▸ Exercise prompt:
All of the records should be given back exactly and in full.

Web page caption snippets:
- - - - -

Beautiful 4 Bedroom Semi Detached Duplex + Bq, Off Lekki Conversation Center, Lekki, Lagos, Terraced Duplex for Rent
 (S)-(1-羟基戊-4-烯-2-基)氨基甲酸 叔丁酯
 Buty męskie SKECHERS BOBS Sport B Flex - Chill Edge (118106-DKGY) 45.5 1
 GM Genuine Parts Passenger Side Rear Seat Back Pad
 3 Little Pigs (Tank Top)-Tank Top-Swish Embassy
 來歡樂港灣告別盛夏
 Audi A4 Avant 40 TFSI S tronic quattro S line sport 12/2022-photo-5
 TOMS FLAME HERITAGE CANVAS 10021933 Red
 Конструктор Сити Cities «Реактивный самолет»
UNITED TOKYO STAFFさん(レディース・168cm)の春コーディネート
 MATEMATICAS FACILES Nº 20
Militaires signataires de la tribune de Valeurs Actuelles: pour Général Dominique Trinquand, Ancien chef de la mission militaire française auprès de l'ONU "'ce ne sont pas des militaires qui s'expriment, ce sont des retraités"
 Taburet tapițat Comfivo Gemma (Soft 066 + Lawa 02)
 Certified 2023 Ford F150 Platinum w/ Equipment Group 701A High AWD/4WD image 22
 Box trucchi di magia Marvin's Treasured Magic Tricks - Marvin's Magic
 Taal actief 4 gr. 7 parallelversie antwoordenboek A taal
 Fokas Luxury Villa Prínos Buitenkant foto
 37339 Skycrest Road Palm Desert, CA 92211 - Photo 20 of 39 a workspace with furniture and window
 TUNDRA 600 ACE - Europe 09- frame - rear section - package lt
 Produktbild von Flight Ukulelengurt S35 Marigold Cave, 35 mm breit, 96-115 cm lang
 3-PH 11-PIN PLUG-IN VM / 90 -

- - - - -

▸ Completed task:
Beautiful 4 Bedroom Semi Detached Duplex + Bq, Off Lekki Conversation Center, Lekki, Lagos, Terraced Duplex for Rent
 (S)-(1-羟基戊-4-烯-2-基)氨基甲酸 叔丁酯
 Buty męskie SKECHERS BOBS Sport B Flex - Chill Edge (118106-DKGY) 45.5 1
 GM Genuine Parts Passenger Side Rear Seat Back Pad
 3 Little Pigs (Tank Top)-Tank Top-Swish Embassy
 來歡樂港灣告別盛夏
 Audi A4 Avant 40 TFSI S tronic quattro S line sport 12/2022-photo-5
 TOMS FLAME HERITAGE CANVAS 10021933 Red
 Конструктор Сити Cities «Реактивный самолет»
UNITED TOKYO STAFFさん(レディース・168cm)の春コーディネート
 MATEMATICAS FACILES Nº 20
Militaires signataires de la tribune de Valeurs Actuelles: pour Général Dominique Trinquand, Ancien chef de la mission militaire française auprès de l'ONU "'ce ne sont pas des militaires qui s'expriment, ce sont des retraités"
 Taburet tapițat Comfivo Gemma (Soft 066 + Lawa 02)
 Certified 2023 Ford F150 Platinum w/ Equipment Group 701A High AWD/4WD image 22
 Box trucchi di magia Marvin's Treasured Magic Tricks - Marvin's Magic
 Taal actief 4 gr. 7 parallelversie antwoordenboek A taal
 Fokas Luxury Villa Prínos Buitenkant foto
 37339 Skycrest Road Palm Desert, CA 92211 - Photo 20 of 39 a workspace with furniture and window
 TUNDRA 600 ACE - Europe 09- frame - rear section - package lt
 Produktbild von Flight Ukulelengurt S35 Marigold Cave, 35 mm breit, 96-115 cm lang
 3-PH 11-PIN PLUG-IN VM / 90 -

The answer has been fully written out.